Roberta Kyle (author) from Central New Jersey on June 15, 2012:

Cheers Vincent:-) No more martinis for me I fear I did my share of shaking and stirring back in the day. But it is a delightful and beautiful drink with an interesting past. Enjoy yours shaken and stirred, on the rocks or straight up -- whatever :-)))

Always good to see you and thanks for stopping by.

Vincent Moore on June 15, 2012:

I think I had one to many " Shaken on stirred"?? LOL

Vincent Moore on June 15, 2012:

Yes indeed "Shaken on stirred" please. An interesting tale of how the wonderful Martini became renowned drink of it's time. I think it's time to pour myself one or even two maybe? care to join me:-)

Roberta Kyle (author) from Central New Jersey on June 15, 2012:

Thanks wrenfrost56-- glad you enjoyed the hub and Dorothy Parker. She was a very funny lady who drank a lot of martinis ( and considering the poem, I bet she got invited to a lot of parties too:-))

wrenfrost56 from U.K. on June 15, 2012:

Ace hub, great recipe and I love the Parker poem. :D

Roberta Kyle (author) from Central New Jersey on June 15, 2012:

ooops-- just noticed my typo. That is liked, not lied, Kaili-- sorry

Roberta Kyle (author) from Central New Jersey on June 14, 2012:

Glad you lied it Kaili-- Martinis are definitely for sipping not gulping. They pack quite a wallup. Thanks for stopping by. Nice to see you and thanks too for following me. I'm following you back now and looking forward to reading your hubs

Kaili Bisson from Canada on June 14, 2012:

Wonderful Hub! I like martinis when I want to sip something slowly...

Roberta Kyle (author) from Central New Jersey on June 14, 2012:

Cheers, Kitty and Simone.

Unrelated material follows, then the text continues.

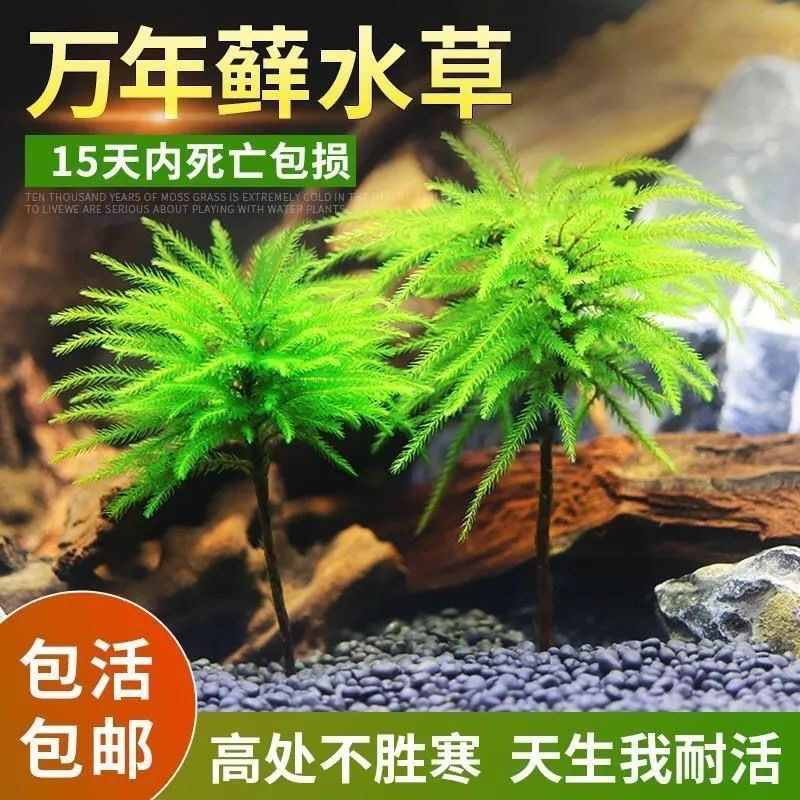 万年藓水草苔藓棕榈莫斯鲜活苔藓鱼缸水族箱生态瓶雨淋缸造景水草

Glad you liked the hub. Kitty I'm with you and Frieda when it comes to Bacontinis. Somebody is making them with Acai berries in them too-- Give me a break!!!

And yes, Simone--A bartender named Martinez in San Francisco is said to have made the first martini in 1860. I bet the gold rush had something to do with it too.

Simone Haruko Smith from San Francisco on June 14, 2012:

Oh, I love the idea of martinis having their origins in San Francisco! What a fascinating Hub. Love it!

Kitty Fields from Summerland on June 14, 2012:

I love martinis, but Frieda has it right, not too sure about the bacon martini! Yikes. But this hub was awesome...thanks for sharing this martini recipe with us!

Roberta Kyle (author) from Central New Jersey on June 14, 2012:

haha Frieda-- go for it. double oh seven is my kind of guy for sure. And I'm sure he'll take you up on your offer. Can you believe " bacontinis"??? noooooooooonot that!!!

Frieda Babbley from Saint Louis, MO on June 14, 2012:

Not so sure I'm too keen on that bacon vodka martini... Simple recipe. Great history. And of course, no martini would be complete without Bond, James Bond. I think I'll invite him over for one. Think he'll take me up on that? If I promise to shake and not stir?